Short web captions:
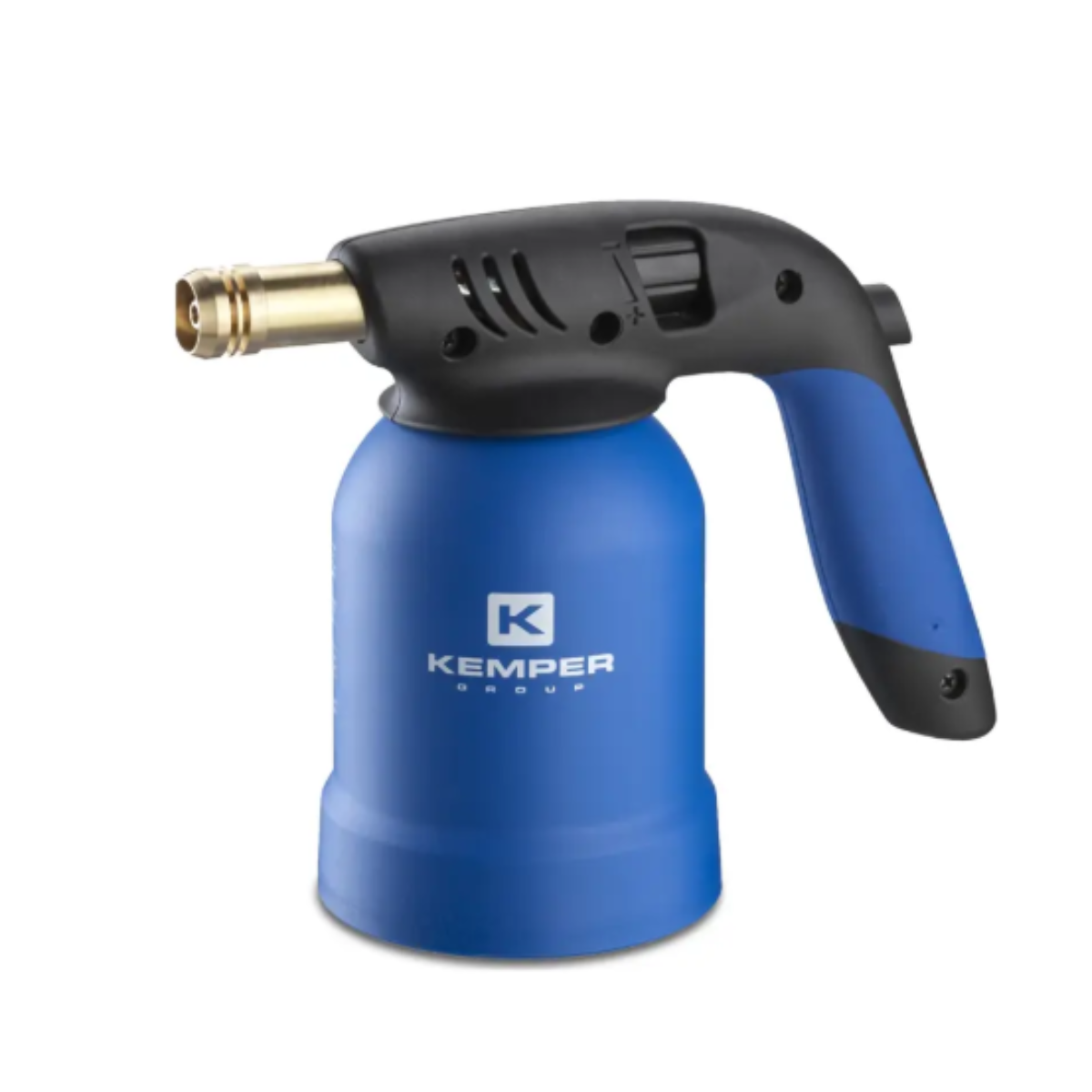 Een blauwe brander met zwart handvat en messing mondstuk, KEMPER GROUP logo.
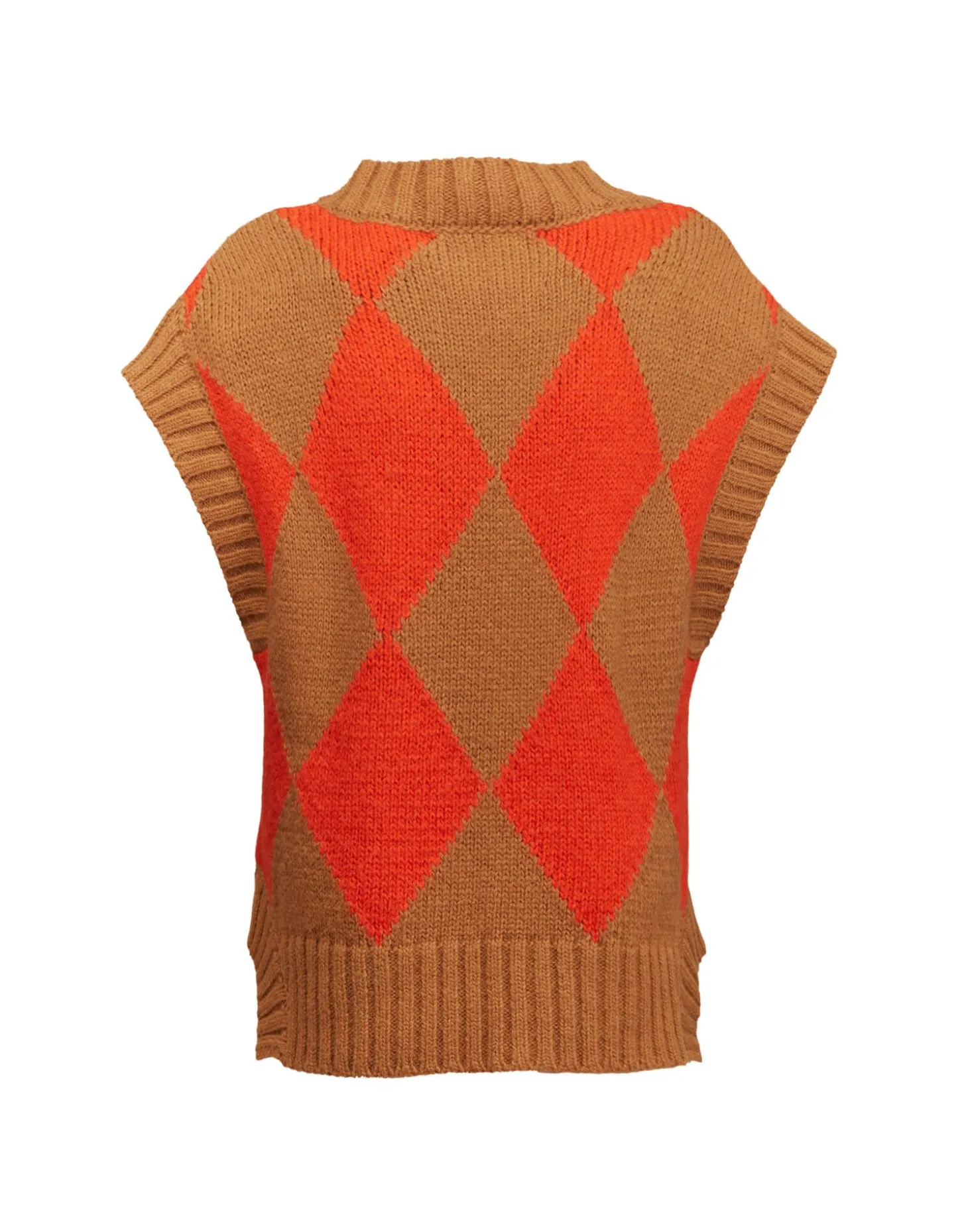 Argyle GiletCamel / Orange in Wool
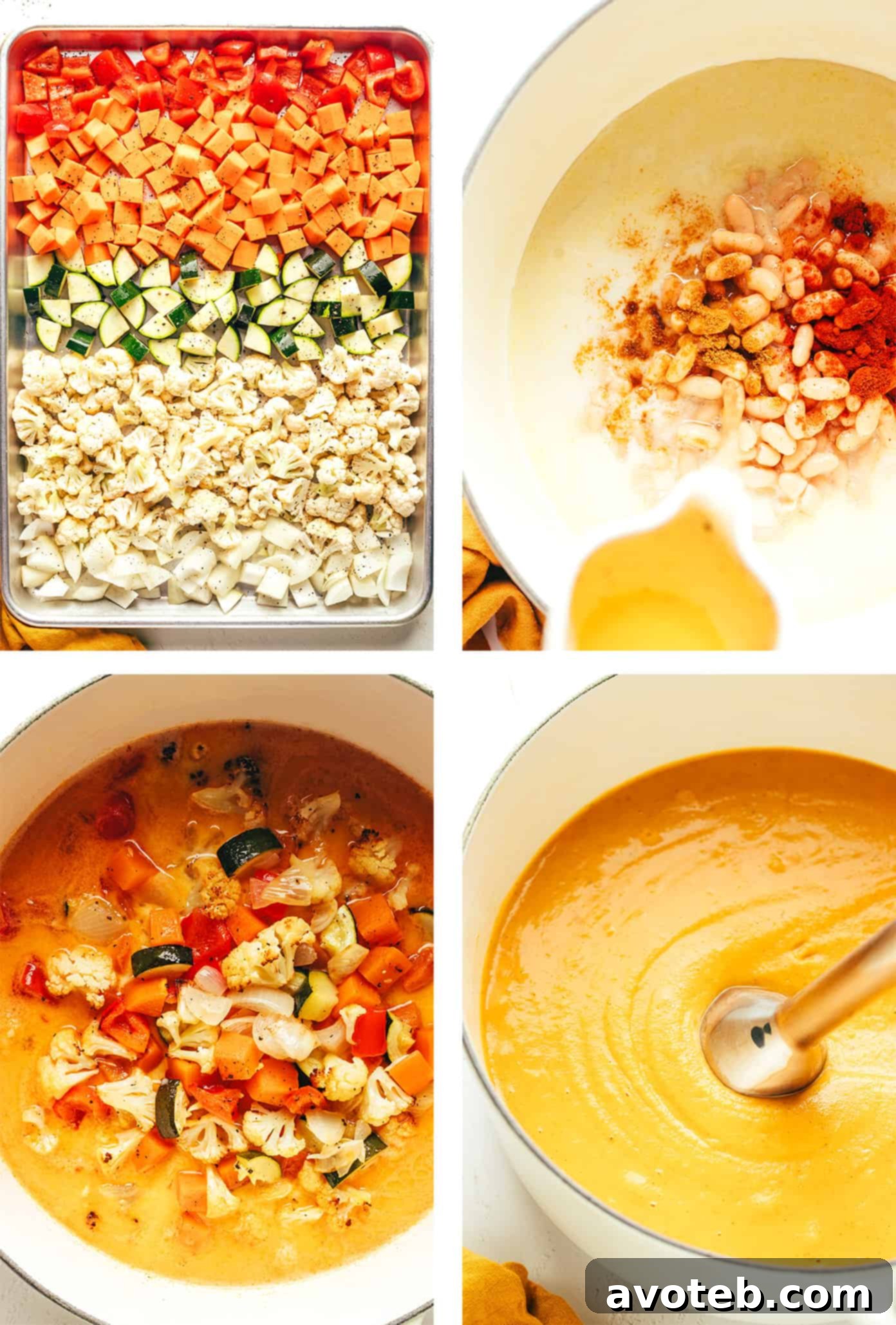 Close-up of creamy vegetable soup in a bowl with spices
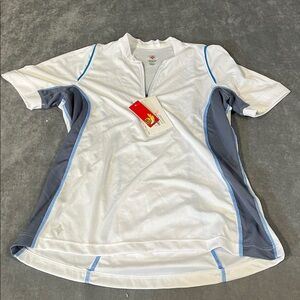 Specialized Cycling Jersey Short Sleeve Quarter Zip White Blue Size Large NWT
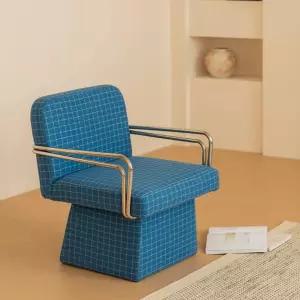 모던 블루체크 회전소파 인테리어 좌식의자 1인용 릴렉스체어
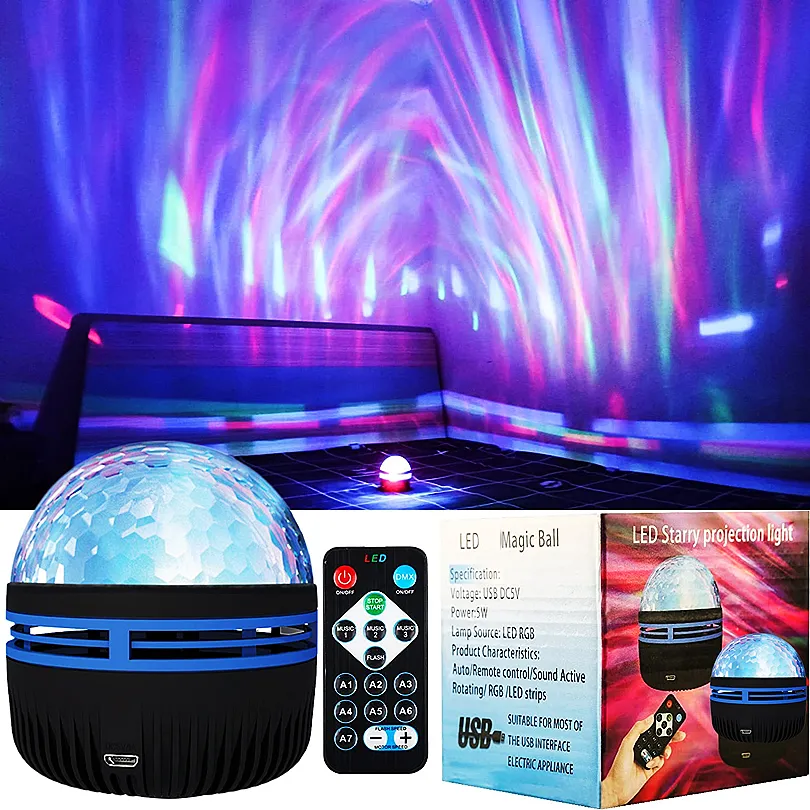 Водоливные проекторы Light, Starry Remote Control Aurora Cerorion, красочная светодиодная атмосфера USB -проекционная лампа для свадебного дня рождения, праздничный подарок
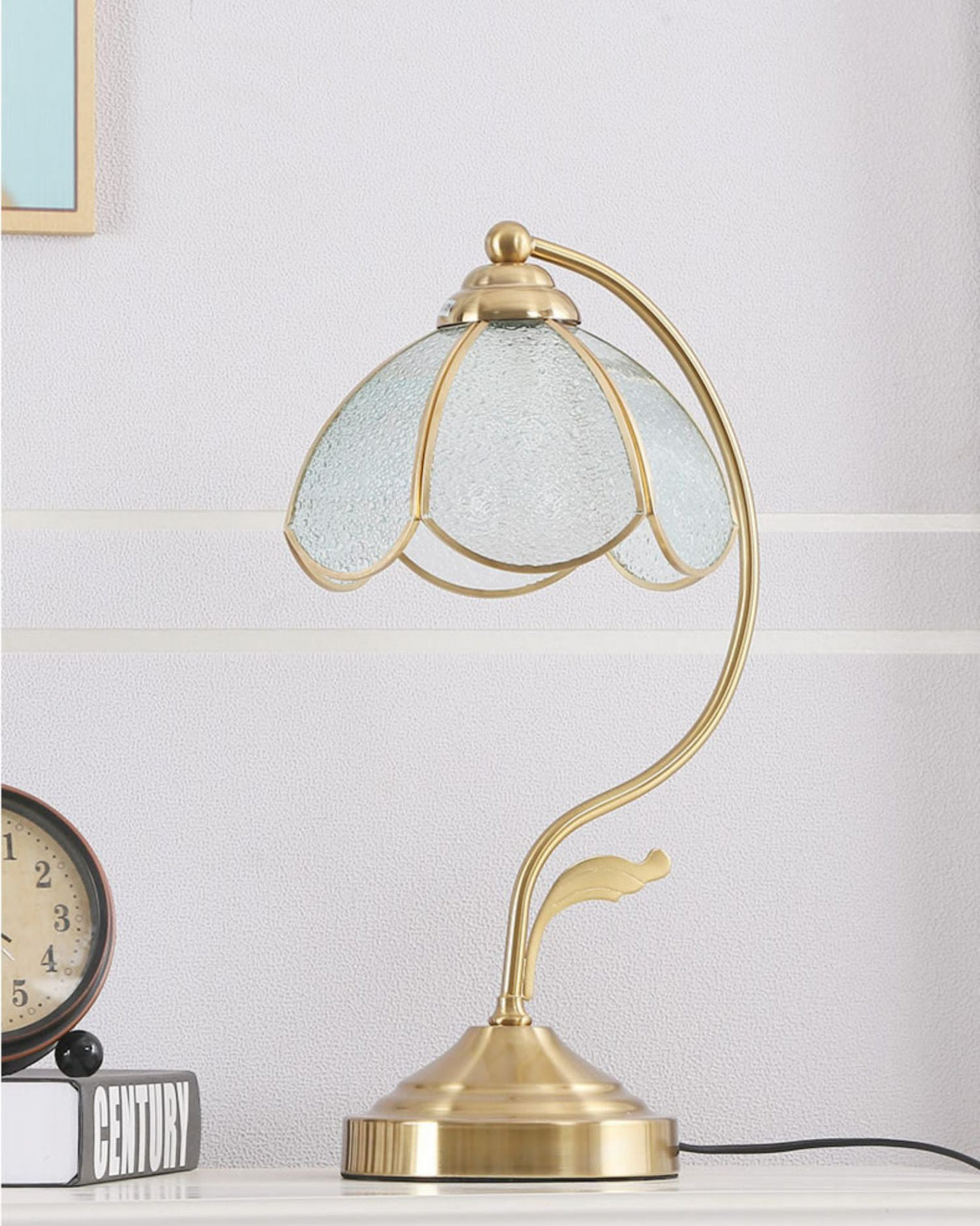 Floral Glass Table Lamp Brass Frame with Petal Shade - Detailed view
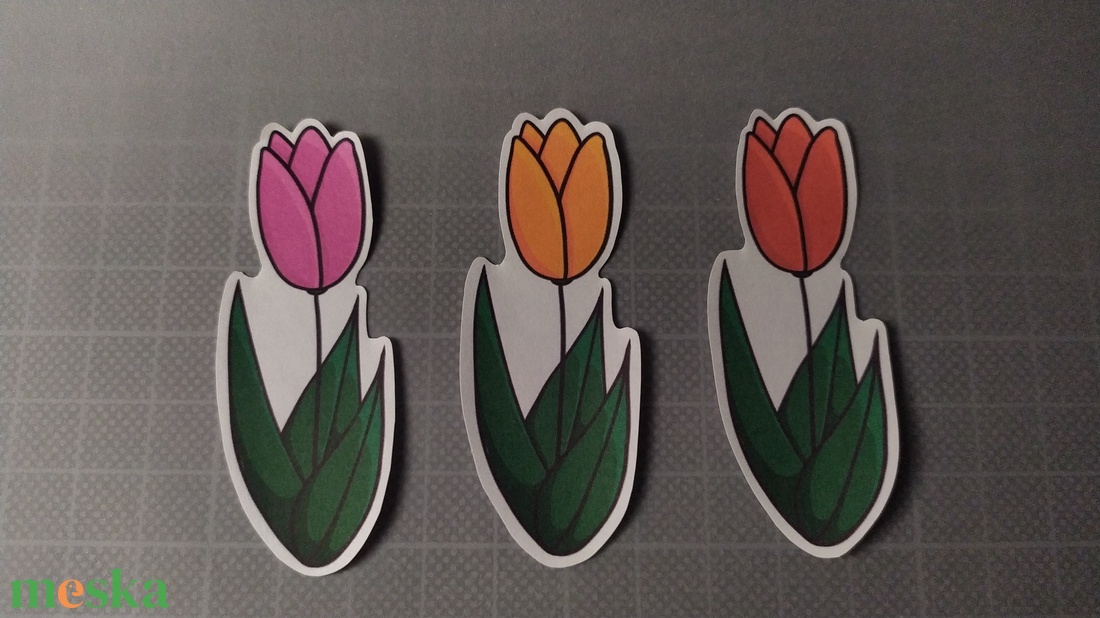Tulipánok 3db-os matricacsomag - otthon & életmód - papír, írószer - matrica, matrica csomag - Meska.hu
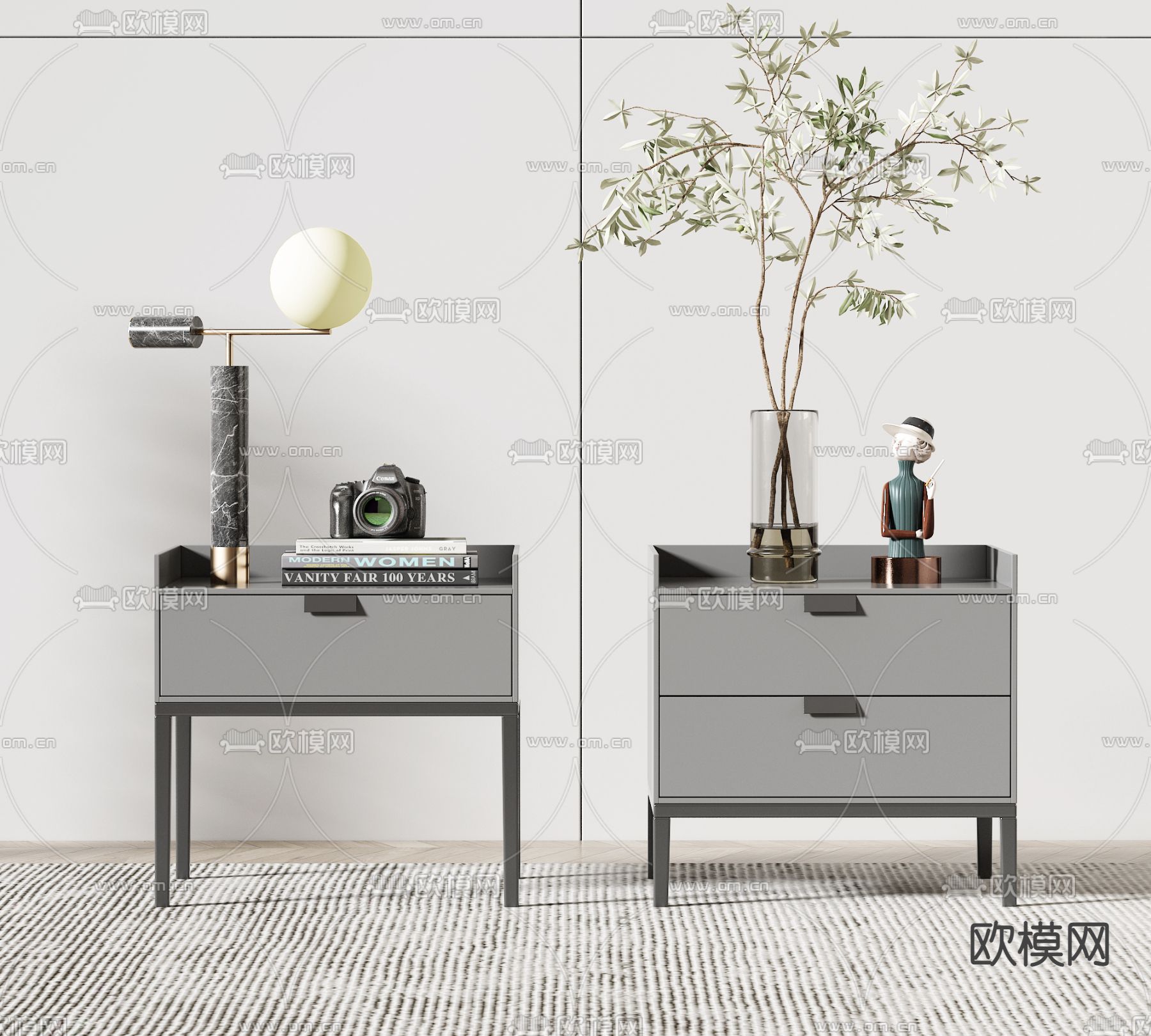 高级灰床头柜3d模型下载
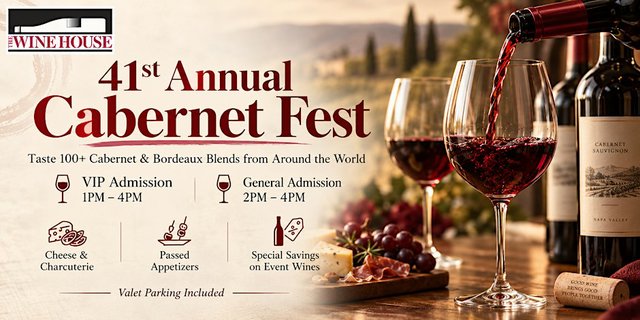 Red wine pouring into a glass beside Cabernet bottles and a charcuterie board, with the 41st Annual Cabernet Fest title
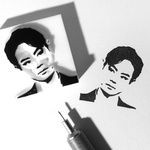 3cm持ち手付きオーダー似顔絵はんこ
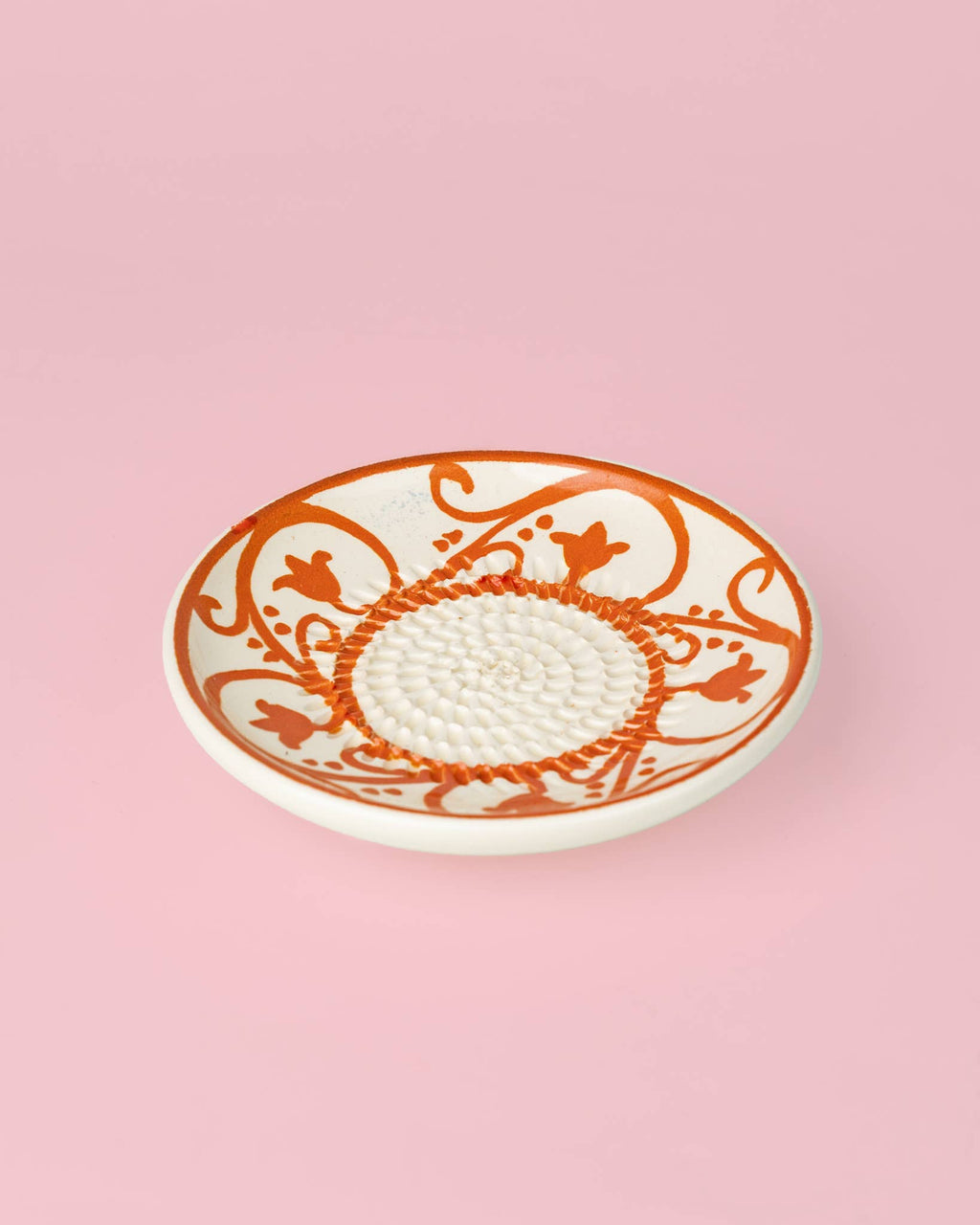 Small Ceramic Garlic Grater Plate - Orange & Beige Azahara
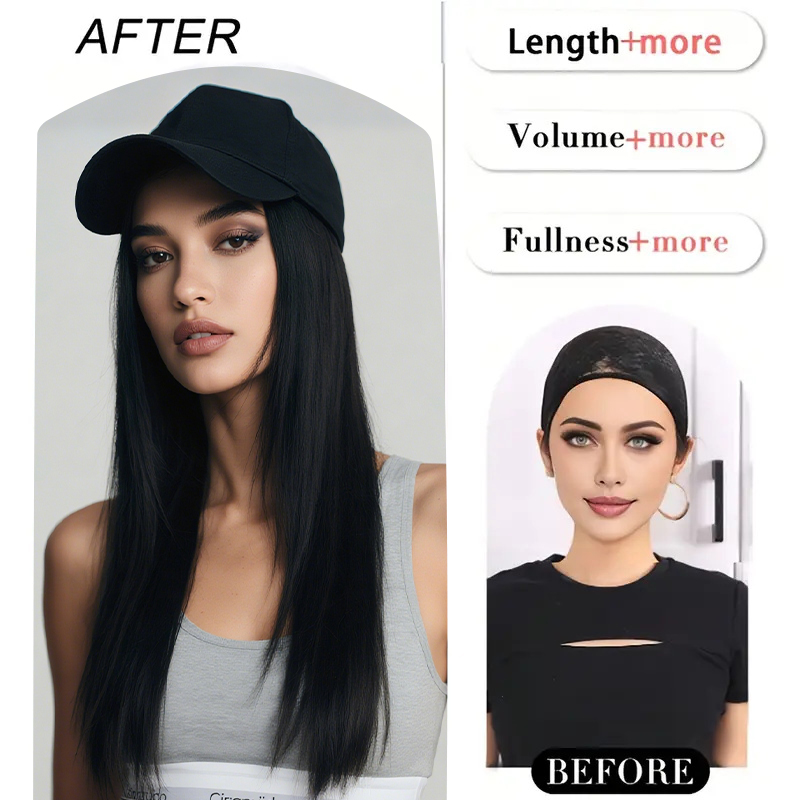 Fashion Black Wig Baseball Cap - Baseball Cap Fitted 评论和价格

» **What needs to be done**:
Look above for the line with "Floral Glass Table" and the line with "高级灰床头柜3d模型下载"; set down those two lines and all lines between them exactly, without pictures and without anything else.

» **Result for this exercise**:
 Floral Glass Table Lamp Brass Frame with Petal Shade - Detailed view
Tulipánok 3db-os matricacsomag - otthon & életmód - papír, írószer - matrica, matrica csomag - Meska.hu
 高级灰床头柜3d模型下载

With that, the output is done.